Methodology6 min

Warm-up and Steady State: the phases of a performance test

Performance tests have distinct phases. Understand warm-up and steady state to interpret results correctly.

A common mistake in performance testing is analyzing the wrong data. The first few minutes of a test rarely represent the system's real behavior — and the last few minutes may be contaminated by shutdown effects.

Understanding the warm-up and steady state phases is essential to correctly interpret results and make decisions based on valid data.

Measuring a cold system is like evaluating an athlete before warm-up.

Test Phases

1. Ramp-up

Period of gradual load increase to the desired level.

Load
  │        ╭────────────
  │       ╱
  │      ╱
  │     ╱
  │    ╱
  │───╱
  └────────────────────────
     Ramp    Steady State

Why do ramp-up:

  • Avoids shocking the system
  • More realistic (users don't all arrive at once)
  • Allows identifying at which point the system starts to degrade

2. Warm-up

Initial period where the system is still "warming up".

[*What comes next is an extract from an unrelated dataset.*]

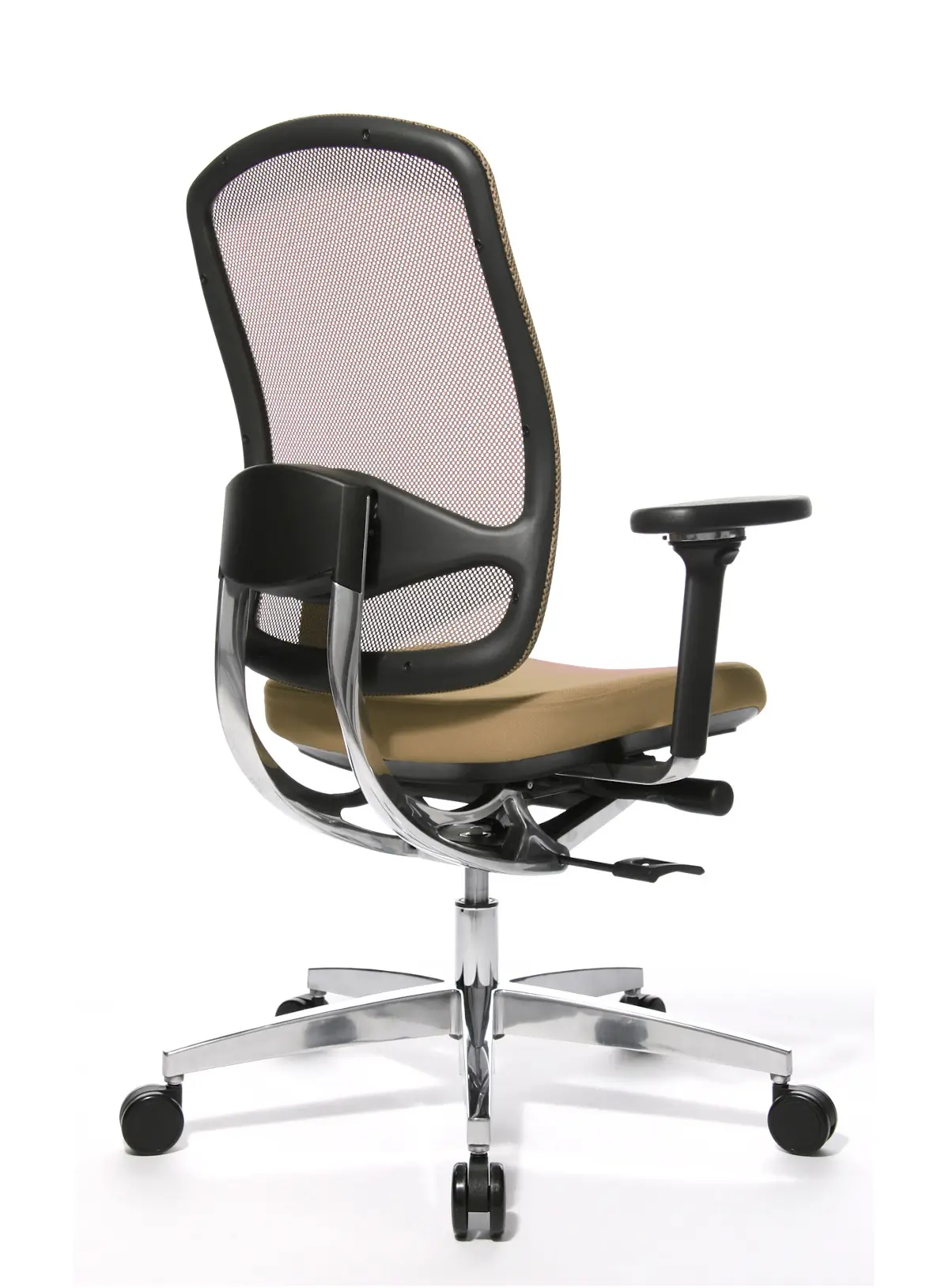 Wagner AluMedic 10 Bürostuhl in Schrägansicht von hinten mit ergonomischer Netzrückenlehne und hochwertigem Aluminium-Fußkreuz für moderne Arbeitsplätze
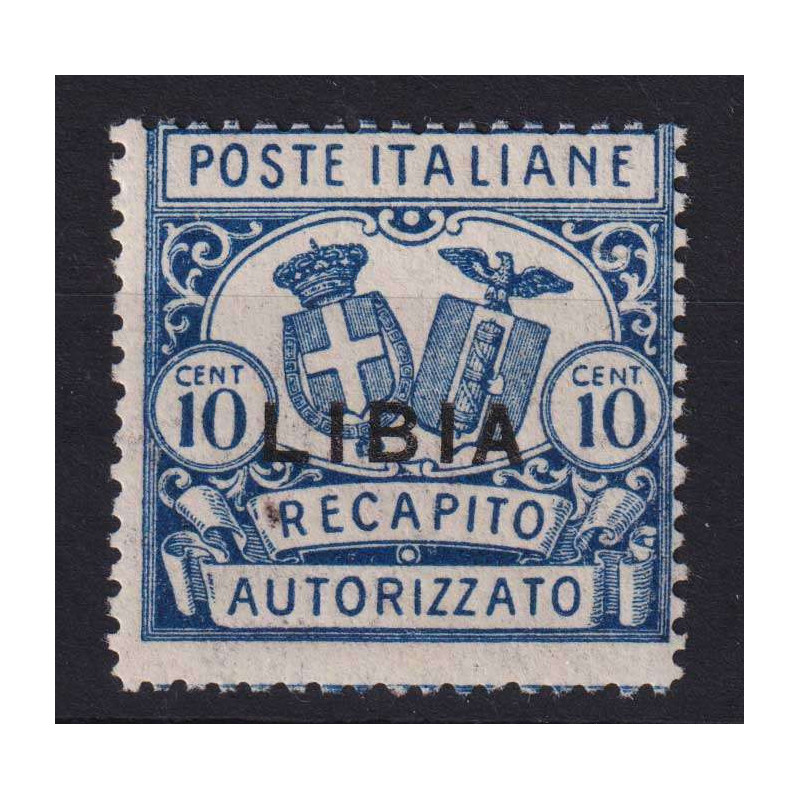 COLONIE LIBIA 1929 RECAPITO AUTORIZZATO 10 CENTESIMI N.2 G.O MLH*  ...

What happens during warm-up:

  • JIT compilation (Java, .NET, Node.js)
  • Cache filling
  • Connection pool establishment
  • Initial memory allocation
  • Data loading into memory

Results during warm-up:

  • Higher than normal latency
  • Lower throughput
  • Erratic behavior

3. Steady State

Stable state where the system operates under normal conditions.

Characteristics:

  • Metrics stabilize
  • Consistent latency
  • Predictable throughput
  • Stable resource usage

This is where you measure.

4. Cool-down / Ramp-down

Period of gradual load reduction.

Why do it:

  • Avoids accumulation of pending requests
  • Allows observing system recovery
  • More realistic

Why Warm-up Matters

JIT Compilation

Languages like Java, C#, and JavaScript (V8) compile code at runtime:

First execution: interpreted → slow
Subsequent executions: compiled → fast

The first requests can be 10-100x slower than subsequent ones.

Cold caches

Systems depend on multiple cache layers:

  • Application cache
  • Database cache
  • Operating system cache
  • CPU cache

Empty caches = more I/O = higher latency.

Unestablished connections

  • Database connection pools still empty
  • HTTP connections not yet established
  • SSL handshakes not yet done

Lazy loading

Many frameworks load resources on demand:

  • Classes loaded on first use
  • Configurations read on first request
  • Dependencies initialized late

Identifying Steady State

Visually

Latency
  │
  │╲
  │ ╲
  │  ╲────────────────────
  │
  └────────────────────────
     Warm-up │ Steady State

The curve flattens when steady state is reached.

Statistically

Calculate metric variation in time windows:

If standard deviation(latency) in last 5 min
   < 10% of mean
   → probably in steady state

Common heuristics

System Typical warm-up time
Java (Spring) 2-5 minutes
.NET 1-3 minutes
Node.js 30s-2 minutes
Go 10-30 seconds
Python 30s-1 minute

Note: this varies a lot with the specific application.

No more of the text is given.